* WHAT NEEDS TO BE DONE
Leave out the pictures and restate exactly, and only, the lines from the one that contains "Slovak Flag - Heart Pendant Bangle Bracelet" through the final line of the material below.

(DATASET EXCERPT begins)

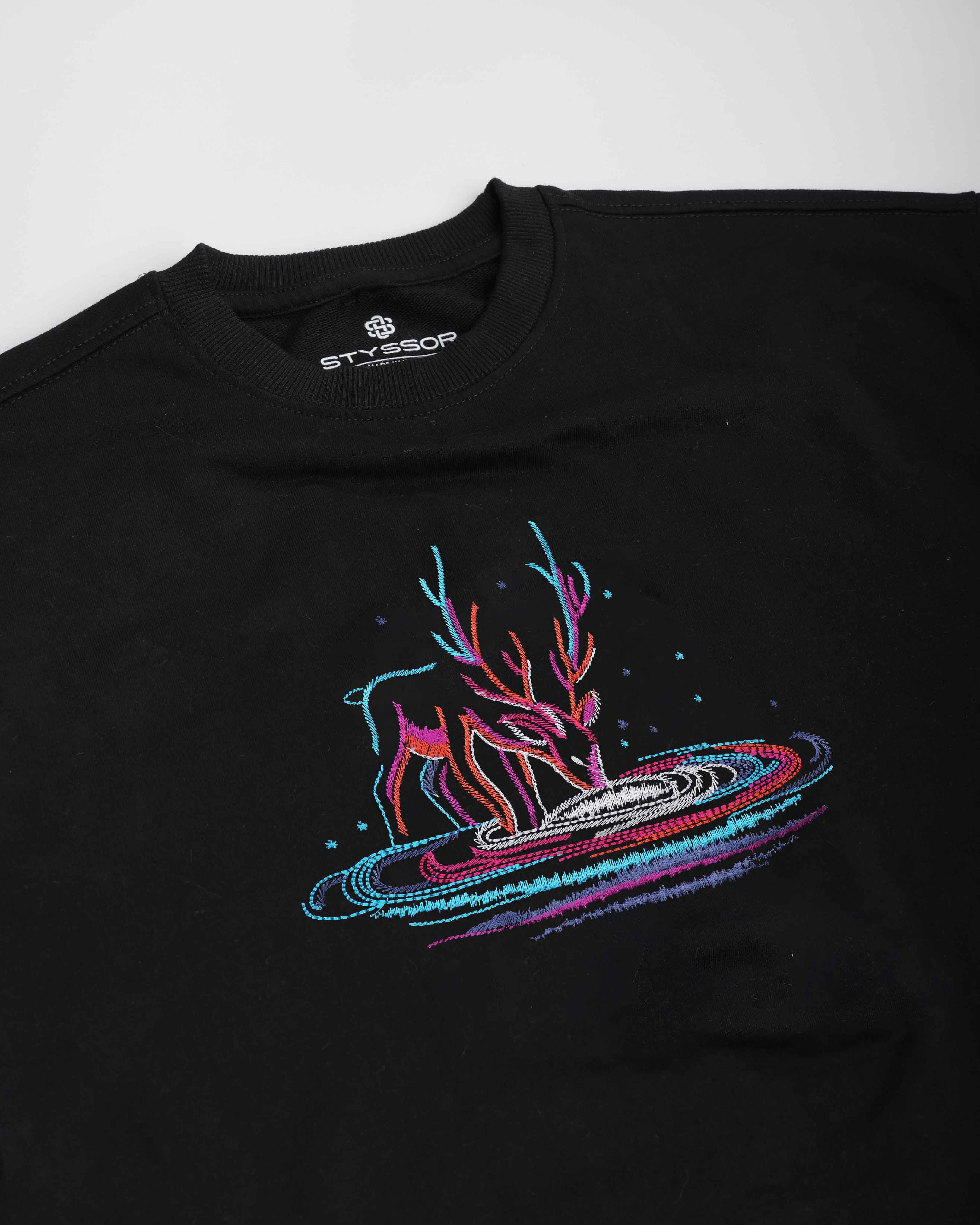 Galaxy Deer Embroidery Black Oversized T-Shirt1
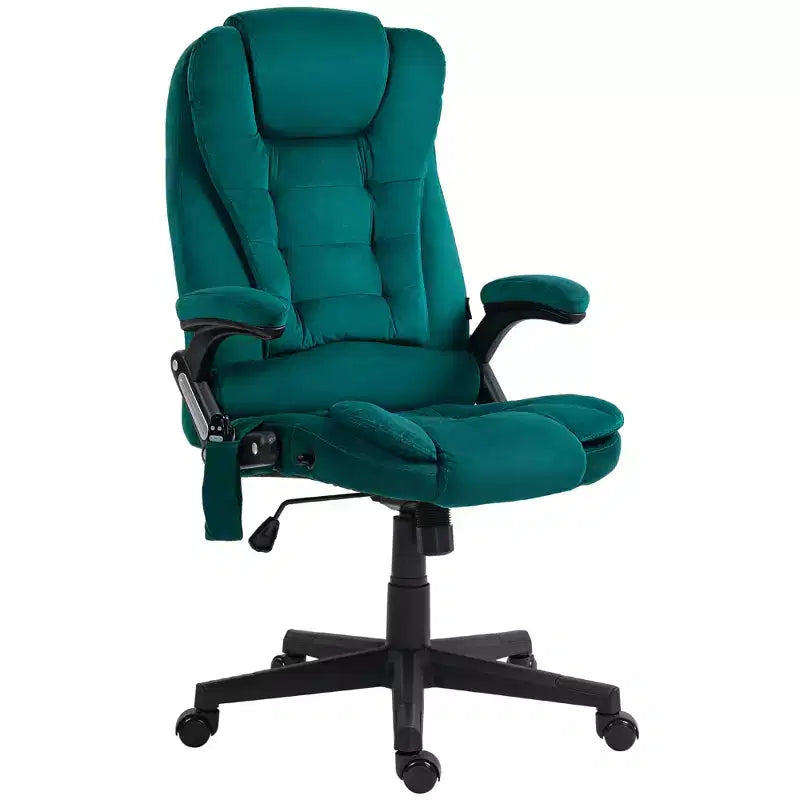 6 Point Vibrating Massage Office Chair with Heat, Velvet High Back Executive Chair with Reclining Backrest, Armrests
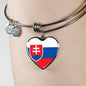 Slovak Flag - Heart Pendant Bangle Bracelet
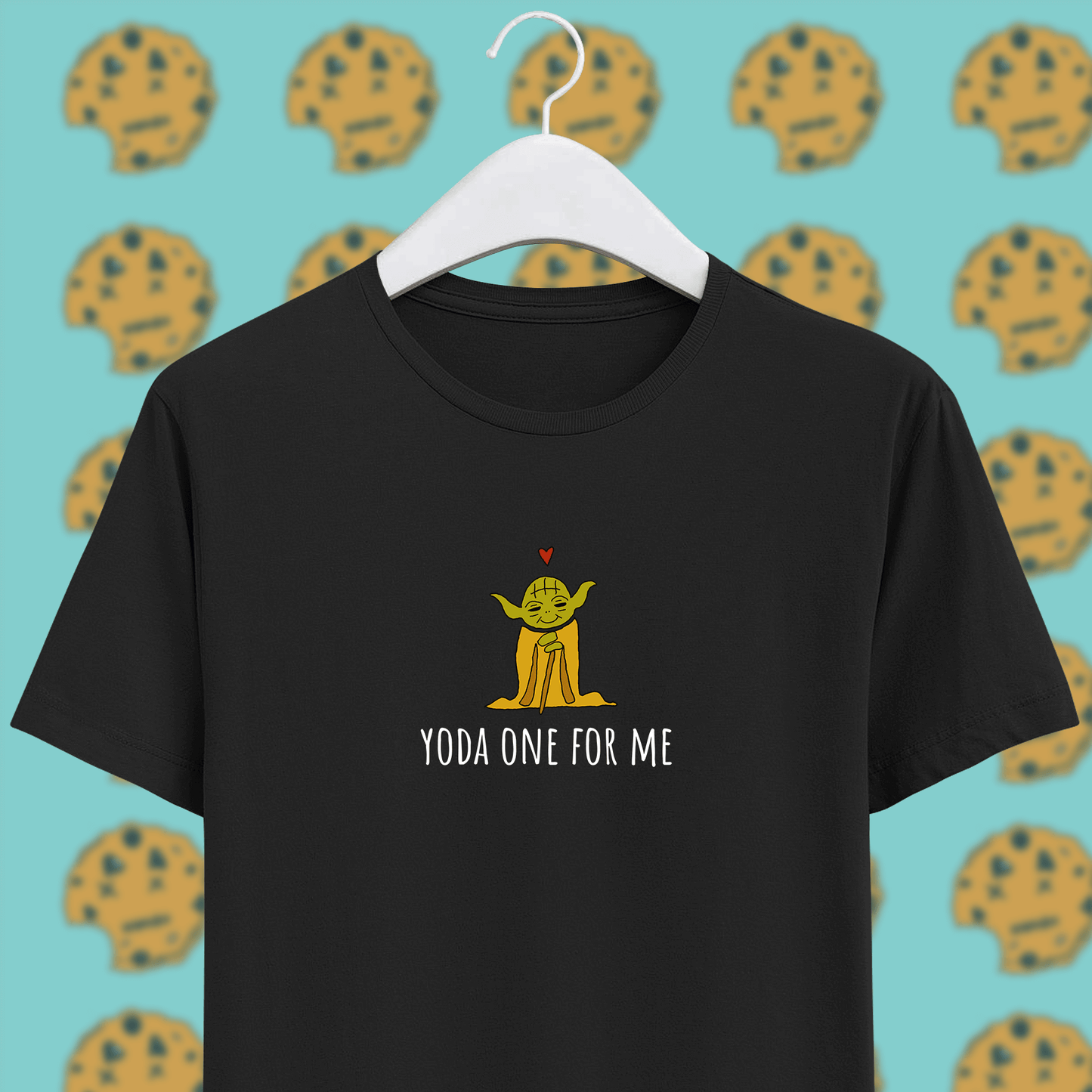 yoda with red heart with yoda one for me pun on black unisex t-shirt on hanger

(DATASET EXCERPT ends)

* REPLY
 Slovak Flag - Heart Pendant Bangle Bracelet
 yoda with red heart with yoda one for me pun on black unisex t-shirt on hanger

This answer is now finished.